TASK TO COMPLETE:
I need the lines from the one containing "Carbon Fibre TPU" through the last line of the entries retyped exactly, with no pictures among them.

TASK DATA:
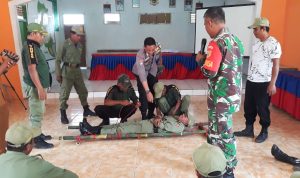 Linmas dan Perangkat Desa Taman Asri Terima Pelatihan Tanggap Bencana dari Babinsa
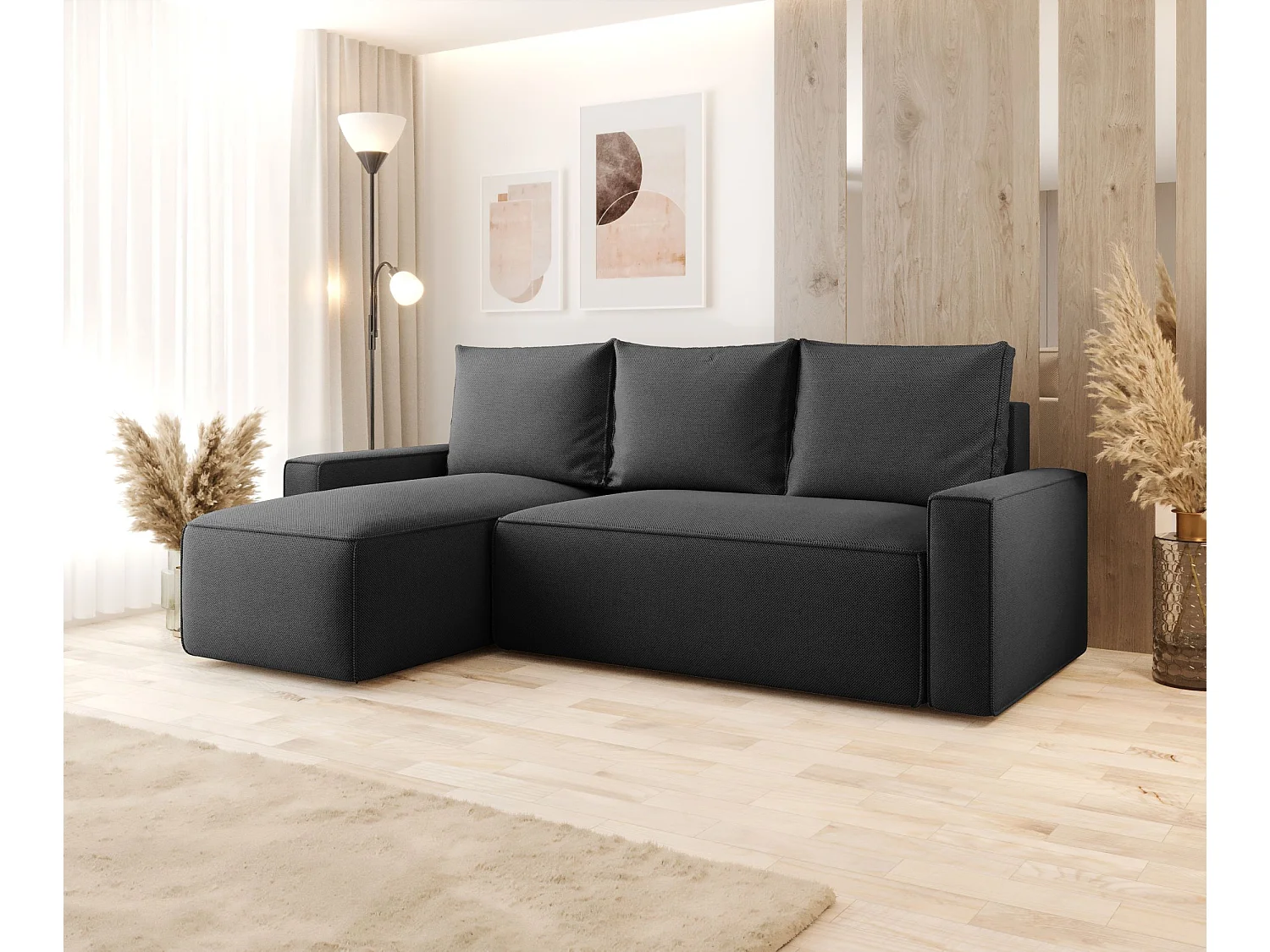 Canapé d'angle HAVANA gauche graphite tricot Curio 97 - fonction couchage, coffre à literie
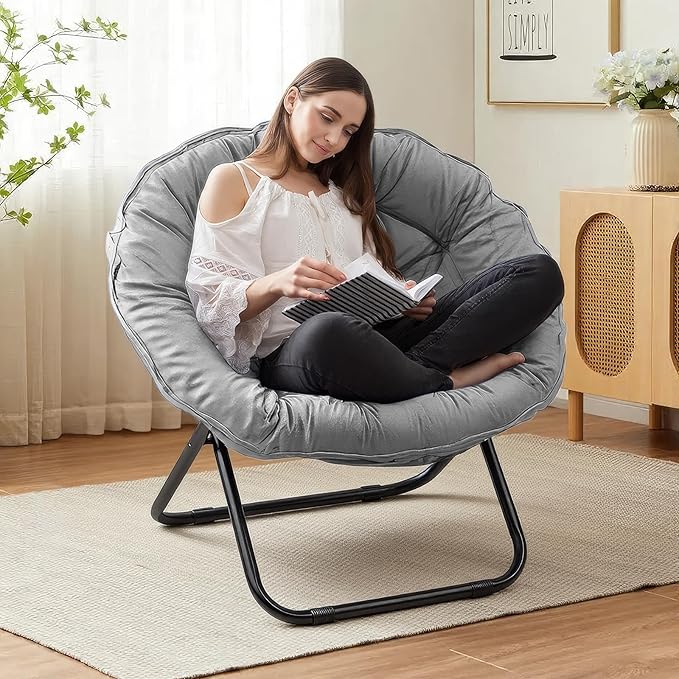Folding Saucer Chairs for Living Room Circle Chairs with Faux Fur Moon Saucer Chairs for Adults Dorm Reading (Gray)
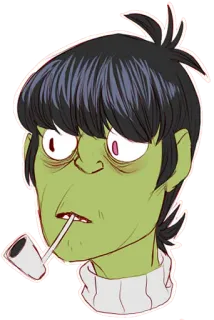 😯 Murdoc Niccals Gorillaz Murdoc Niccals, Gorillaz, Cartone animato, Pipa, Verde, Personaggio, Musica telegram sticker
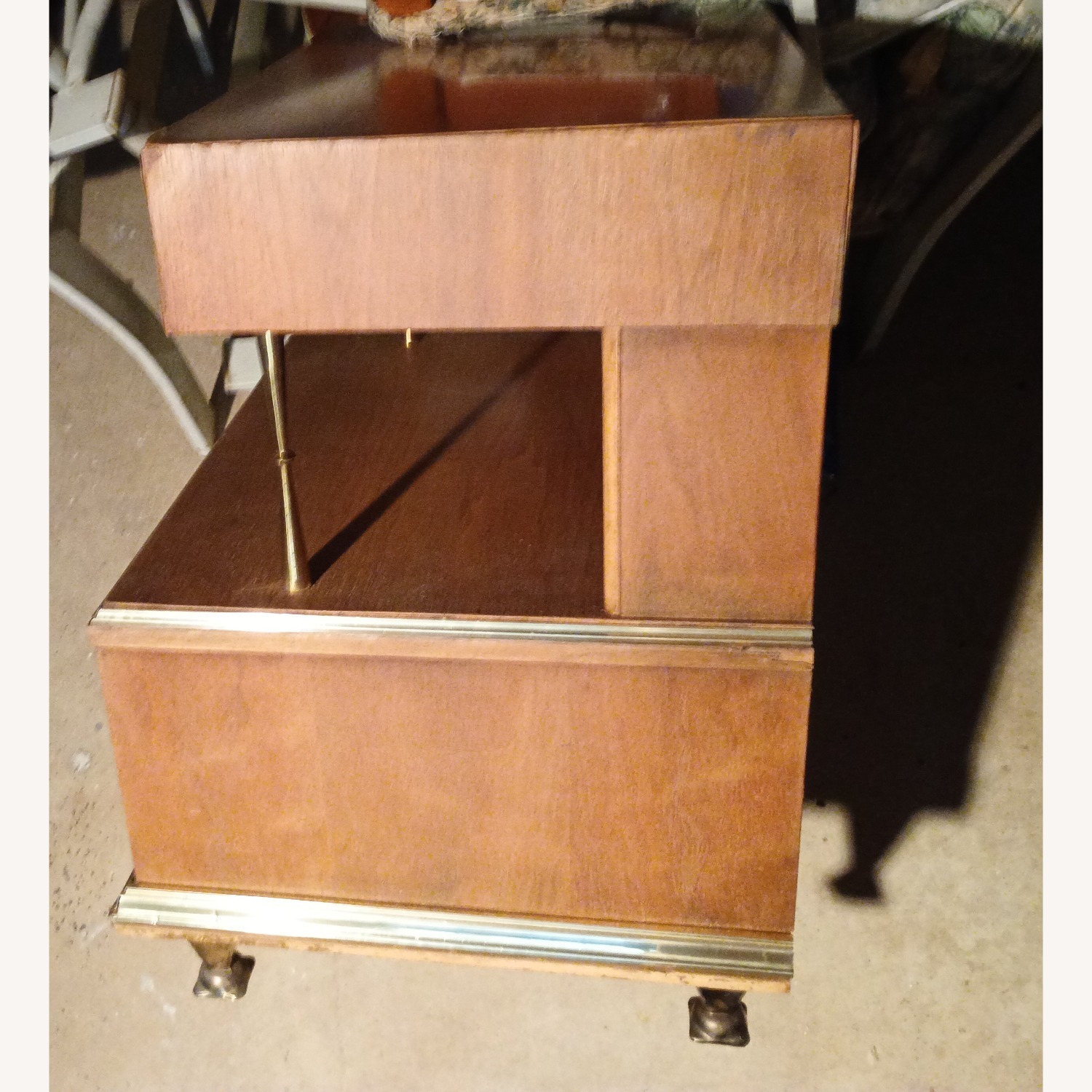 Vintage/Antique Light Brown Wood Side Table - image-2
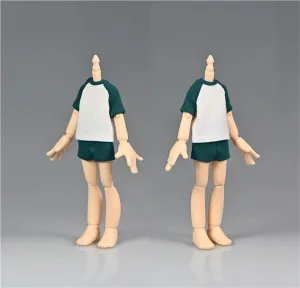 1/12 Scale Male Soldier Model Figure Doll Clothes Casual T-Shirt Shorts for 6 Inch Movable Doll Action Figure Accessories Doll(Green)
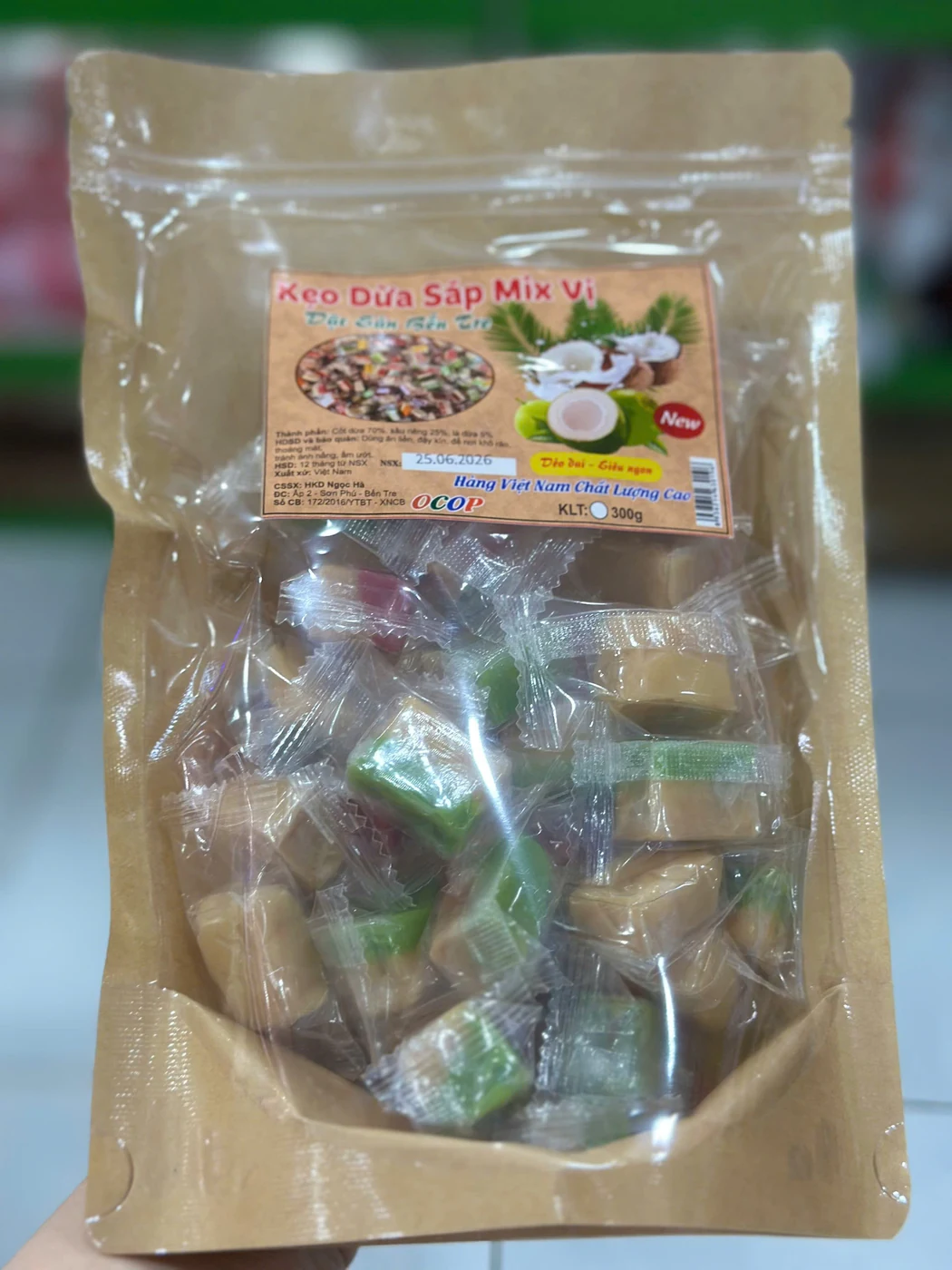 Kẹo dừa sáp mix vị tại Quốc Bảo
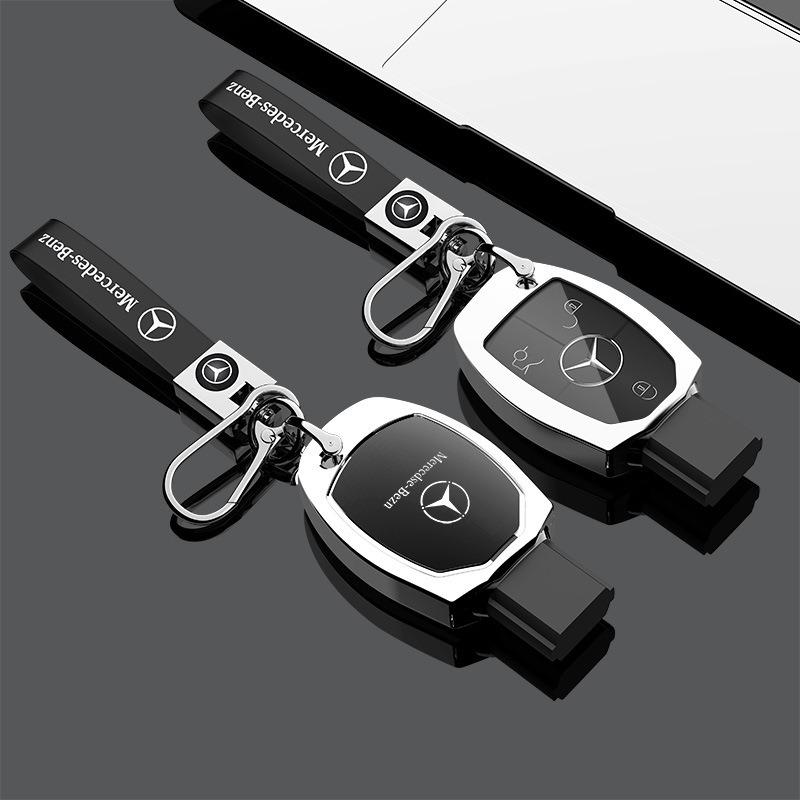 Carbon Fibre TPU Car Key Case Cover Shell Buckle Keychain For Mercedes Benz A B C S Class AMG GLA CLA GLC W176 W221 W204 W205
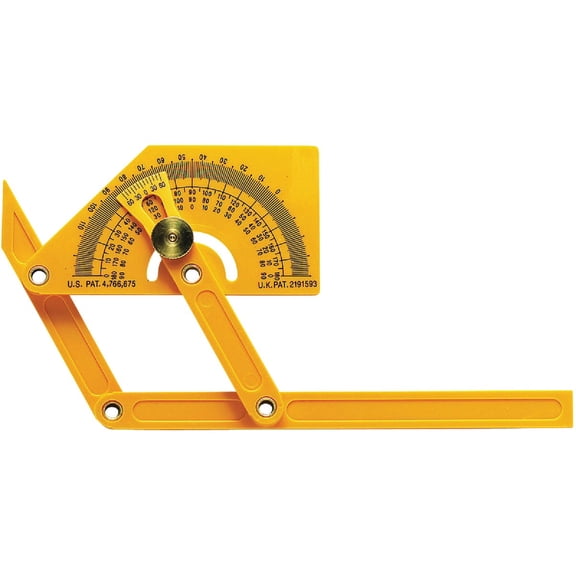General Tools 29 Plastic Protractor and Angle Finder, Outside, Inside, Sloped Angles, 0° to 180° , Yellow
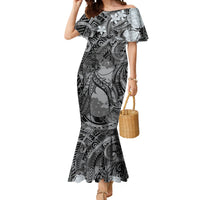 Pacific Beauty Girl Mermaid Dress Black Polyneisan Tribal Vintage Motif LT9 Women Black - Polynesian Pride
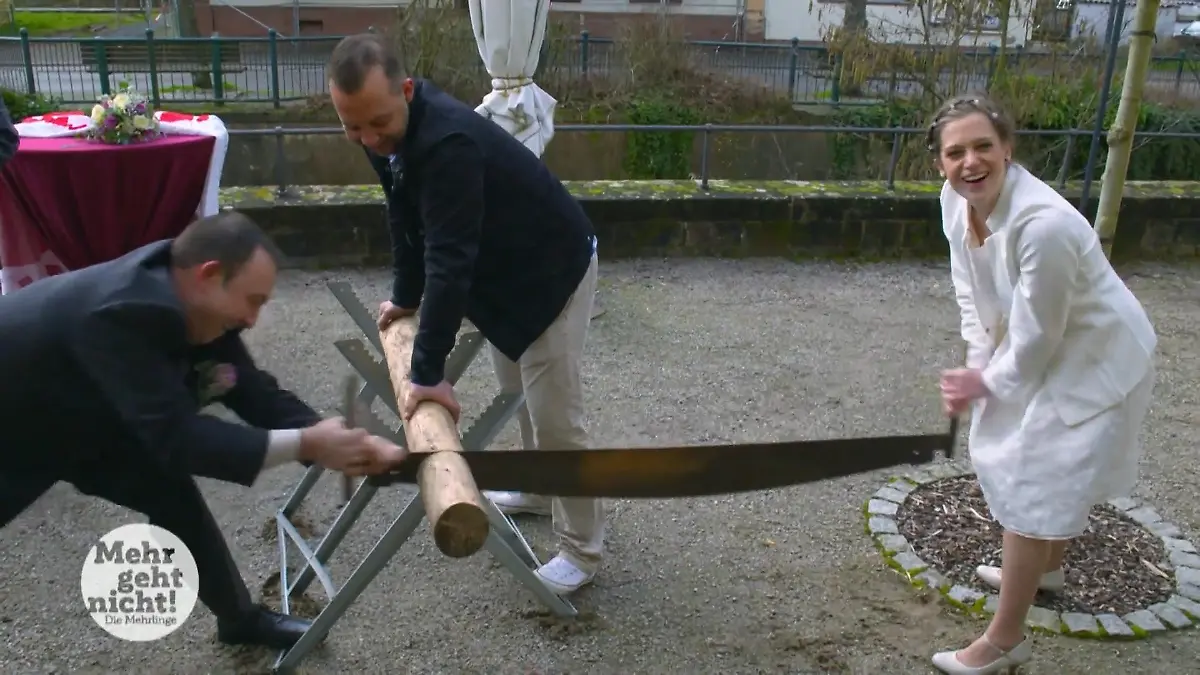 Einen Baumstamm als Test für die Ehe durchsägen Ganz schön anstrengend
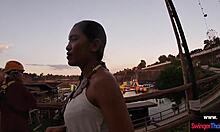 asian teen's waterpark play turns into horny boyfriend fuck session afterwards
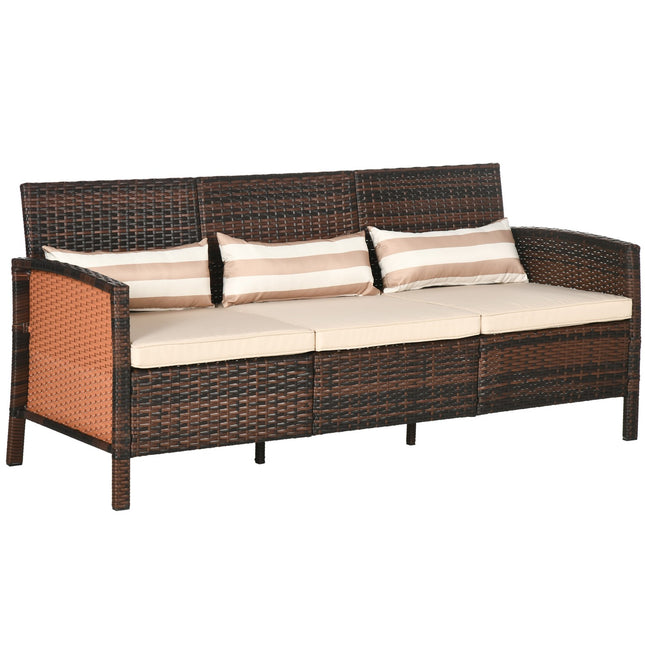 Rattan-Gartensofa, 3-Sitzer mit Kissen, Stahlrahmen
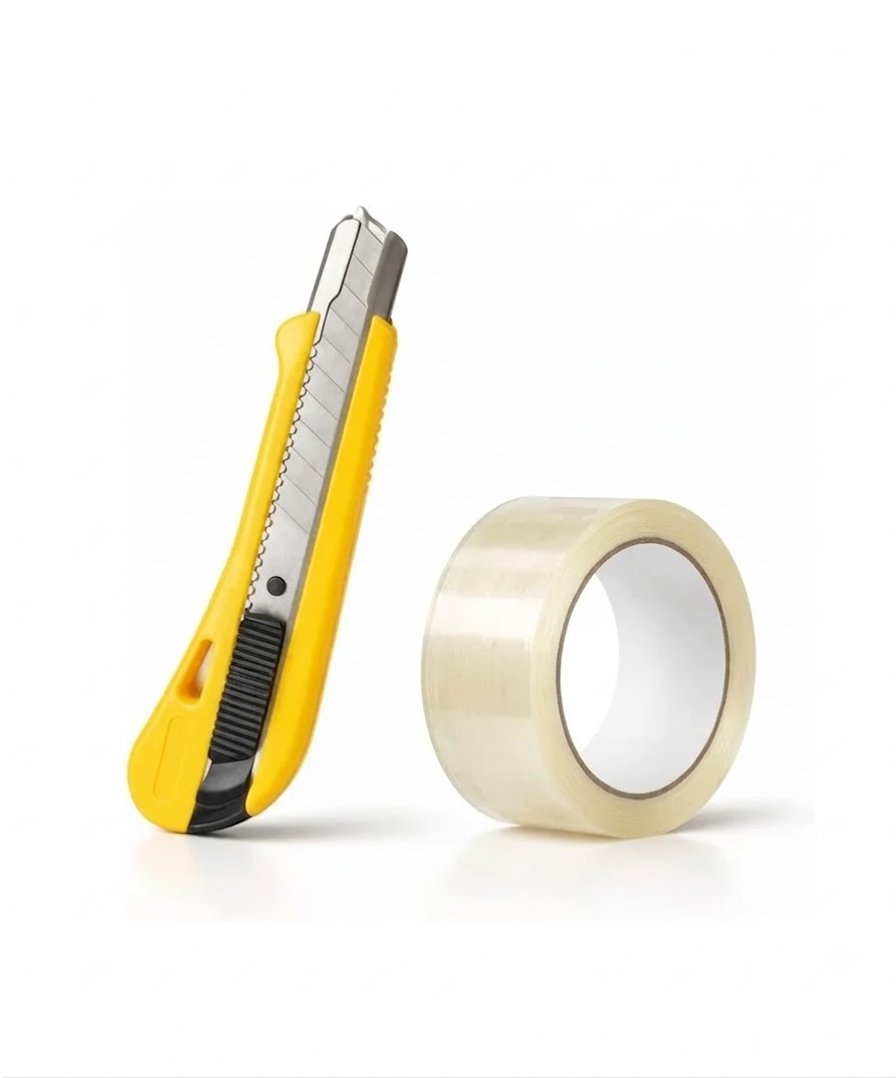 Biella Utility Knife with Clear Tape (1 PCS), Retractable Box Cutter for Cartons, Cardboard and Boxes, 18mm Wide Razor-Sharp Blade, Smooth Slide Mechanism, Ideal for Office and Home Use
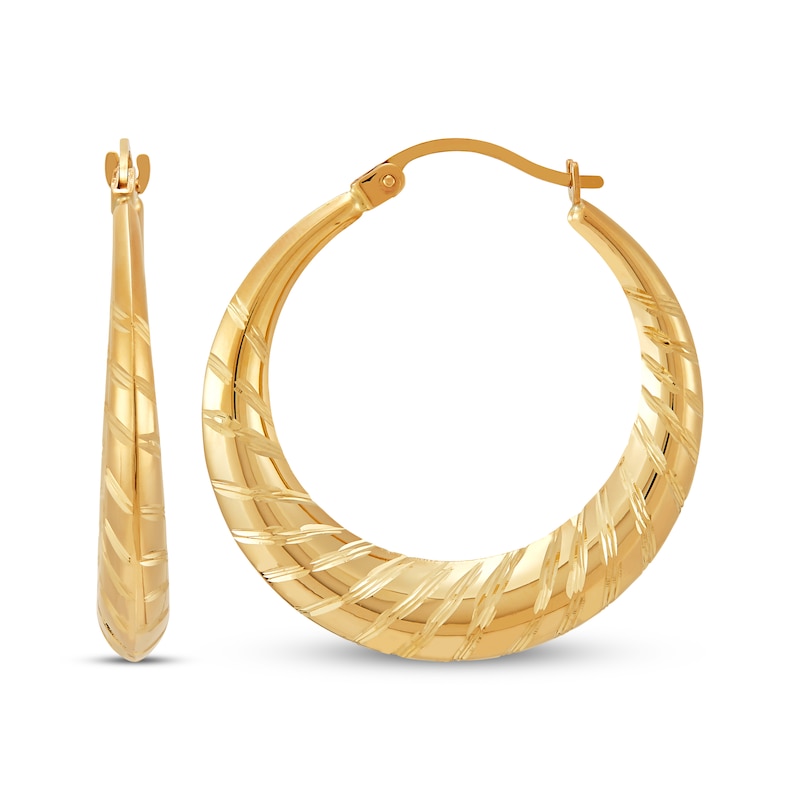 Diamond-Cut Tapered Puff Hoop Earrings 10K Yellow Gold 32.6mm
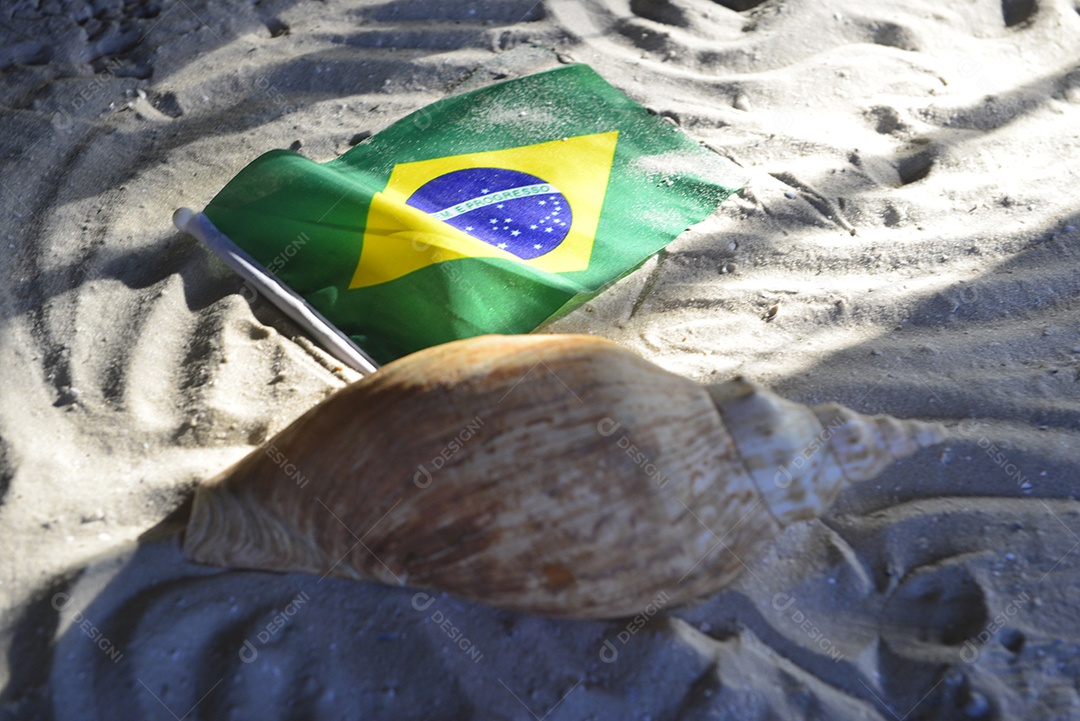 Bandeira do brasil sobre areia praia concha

TASK SOLUTION:
 Carbon Fibre TPU Car Key Case Cover Shell Buckle Keychain For Mercedes Benz A B C S Class AMG GLA CLA GLC W176 W221 W204 W205
General Tools 29 Plastic Protractor and Angle Finder, Outside, Inside, Sloped Angles, 0° to 180° , Yellow
 Pacific Beauty Girl Mermaid Dress Black Polyneisan Tribal Vintage Motif LT9 Women Black - Polynesian Pride
 Einen Baumstamm als Test für die Ehe durchsägen Ganz schön anstrengend
 asian teen's waterpark play turns into horny boyfriend fuck session afterwards
 Rattan-Gartensofa, 3-Sitzer mit Kissen, Stahlrahmen
 Biella Utility Knife with Clear Tape (1 PCS), Retractable Box Cutter for Cartons, Cardboard and Boxes, 18mm Wide Razor-Sharp Blade, Smooth Slide Mechanism, Ideal for Office and Home Use
 Diamond-Cut Tapered Puff Hoop Earrings 10K Yellow Gold 32.6mm
 Bandeira do brasil sobre areia praia concha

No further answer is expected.